14. 14. - A method for using an apparatus for joining together butt portions of two forms of workpiece, along the seam line, the composite laser beam comprises a first laser beam and a second laser beam, each of The first and second laser beams are focused towards a portion of the shapes to be welded in respective focal areas having an optical center, wherein the optical centers of the first and second laser beams are displaced between each other and one defines an extreme of a composite ray focal line; rotational means for selectively rotating the laser means to move the focal line relative to the portion of the shapes between a position where the focal line is oriented substantially normal to the seam portion, and a position where the seal line is substantially aligned with the seam portion; wherein the stop portions of the workpiece shapes are joined by the steps of: activating the laser means to direct the composite ray toward the seam line; move the laser beam and the shapes of the laser with respect to each other to move the focal line along the portion of the shapes to be welded.
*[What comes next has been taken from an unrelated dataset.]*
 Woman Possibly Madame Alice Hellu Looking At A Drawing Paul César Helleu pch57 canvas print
15. 15. A method according to claim 14, wherein during the step of moving the laser beam, the laser beam and the blade forms move relative to each other at a speed determined by at least the position of the focal line. with respect to the portion of the shapes to be welded or the spacing between the workpiece shapes in that portion.
16. 16. A method according to claim 15, wherein the apparatus further includes sensing means for sensing the spacing between the abutting portions of the shapes, wherein the method includes the step of sensing and distancing between the adjacent portions of the shapes. form in the portion of the shapes to be welded before moving the focal line to its length, and where the pre-established position of the focal line is determined by the sensed distance between the adjacent portions of the shapes.
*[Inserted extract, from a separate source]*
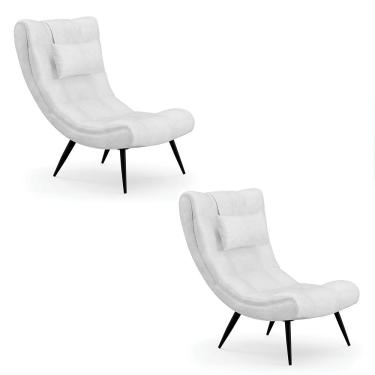 Imagem de Kit 2 Poltronas Decorativas Sala de Estar Pés Palito Letty PU Branco G19 - Gran Belo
17. 17. An apparatus according to claim 1, wherein the laser means comprises a liter of yttrium aluminum granat.
18. 18. - A method according to claim 14, wherein the apparatus includes sensing means for sensing and distancing between the abutting portions of the shapes, and wherein the method includes the step of sensing and distancing between the adjacent portions of the form in the portion of the shapes to be welded before the focal line is moved along its length, and wherein the pre-established position of the focal line 38 is determined by the asigned response enters the adjacent portions of the shapes.
19. 19. An apparatus for joining together adjacent edge portions of two forms of workpiece along the seam line, comprising means for emitting a beam of composite energy to weld the shapes together along the line d) the composite energy beam includes a first ray of energy and a second beam of energy, each of the first and second laser beams is focused towards a portion of the shapes to be welded in respective focal areas which have a center optical, wherein the optical centers of the first and second laser beams are displaced within if one defines one end of a focal line of the composite ray; sensor means for sensing any space between the neighboring edge portions of the shapes and means for changing the intensity of the ray per unit ere selected from the group consisting of rotation means for selectively rotating the laser means to move the relative focal line to the portion of the shapes between a position wherein the focal line is subtantially oriented in a normal manner to the portion of the seam, and a position wherein the seal line is substantially aligned with the seam portion; driving means for moving the means for emitting the composite energy beam along the seam line, the driving means are activatable to vary the speed of movement of the ray of lager depending on sensed space between the neighboring edge portions of The shapes, and means of power regulation for varying the energy output of the composite beam depending on the sensed space between the neighboring edge portions of the shapes.
20. 20. The apparatus according to claim 19 wherein the first and second energy beams each comprise a coherent light source.